Film review: MILK

milk

Gus Vant Sant’s new film “Milk”, is a biopic of the 1970s gay rights activist Harvey Milk, played by Sean Penn. Penn gives one of his best performances to date as the charismatic and outspoken gay leader, portraying him from his very few last days as a Republican-voting, Wall Street bureaucrat in the late 60s early 70s to his awakening as a fighter against gay oppression and subsequent assassination in 1978.

The film documents much of his early progressive community organizing, such as successful boycotts of anti-gay shops and businesses in San Francisco and later on helping with a Teamsters Union boycott of Coors Beer, in which he managed to get it removed from all the gay bars in town. Coors Beer caved soon after and in return the Teamsters hired their very first openly gay drivers. It then goes on to portray his perennial election campaigns and subsequent election to City Supervisor in 1977.

While this can be seen as reformism, it must be noted Harvey Milk was no leftist revolutionary, his only aim was for gays to be accepted as normal human beings and not sexual deviants.

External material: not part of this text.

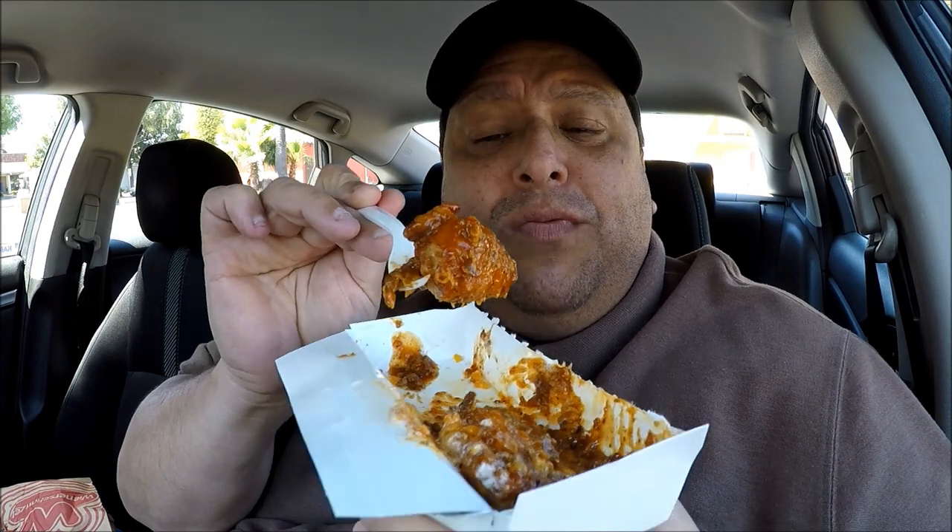So would I buy this again? Yeah! You need to get to Wienerschnitzel and try this out. Get yourself a hot dog and then get one of these as an appetizer — really good. This will knock your Aunt Connie's socks off. On a scale of 1 to 10, I'm giving this a solid 8.5.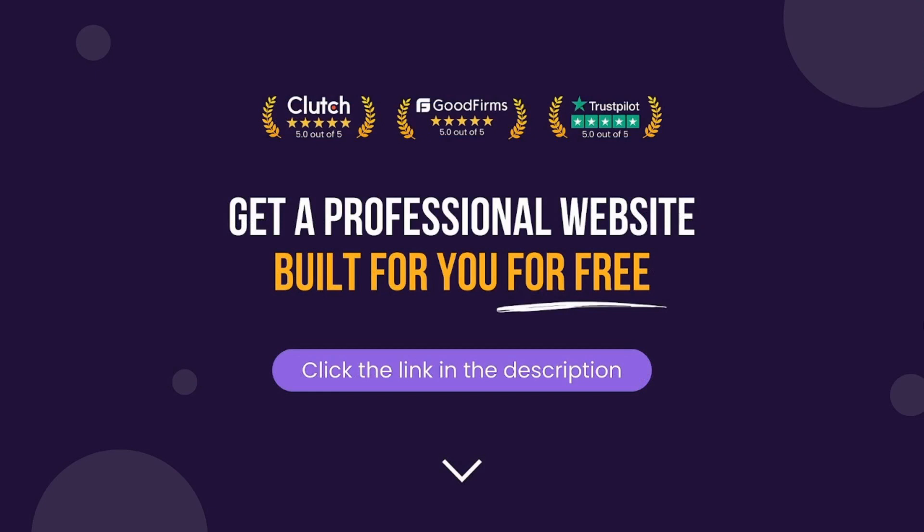At The Free Website Guys, we build free professional WordPress websites for people at no charge. You can check out the link in the description or head over to thefreebsiteguys.com to apply.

Make of his strategy what you may, this film is a very good depiction of someone with such an outlook and activists of any cause can learn from the organizational methods that Harvey Milk employed. And it is clear in the film that Milk used his position as a platform for gay rights rather than for mere opportunistic careerism,; for example he was one of the lead campaigners against Proposition 6, a 1978 anti-gay referendum in California with eerie similarities to 2008’s Proposition 8. This referendum would have made anyone known to be gay or who supported gay rights lose their teaching jobs. It initially polled 80% in approval but it lost by a landslide in large part due to his highly publicized debates with anti-gay State Senator John Briggs, which he likely would not have had the opportunity to be a part of if he had not held some sort of public position.

And looking at the film from a larger angle than simply as simply a biopic, the film is an excellent documentation of the early gay rights movement, a subject not often touched upon in films. The film shows first-hand the persecution that gays faced and still face today, which may awaken a lot of people who think of anti-gay discrimination in a more abstract way. The film depicts how gays were in such danger that they carried whistles to alert people nearby if they were being attacked. The film also implicates the authorities, especially the cops, in turning a blind eye to anti-gay murders and assaults and in many cases being the ones undertaking the persecution themselves. The film starts with archive footage of the police raiding gay bars in the 1950s and in one scene, the police are seen viciously assaulting gay citizens for “blocking the sidewalk”. When Harvey Milk receives his first death threat and his boyfriend urges him to call the police, he responds by saying “They probably wrote it”. When Milk’s then-future assassin, highly conservative City Supervisor Dan White, resigns from his position, it is implied the police pressured him into taking the job back.

Overall, Milk is a very informative and entertaining film on gay rights and discrimination.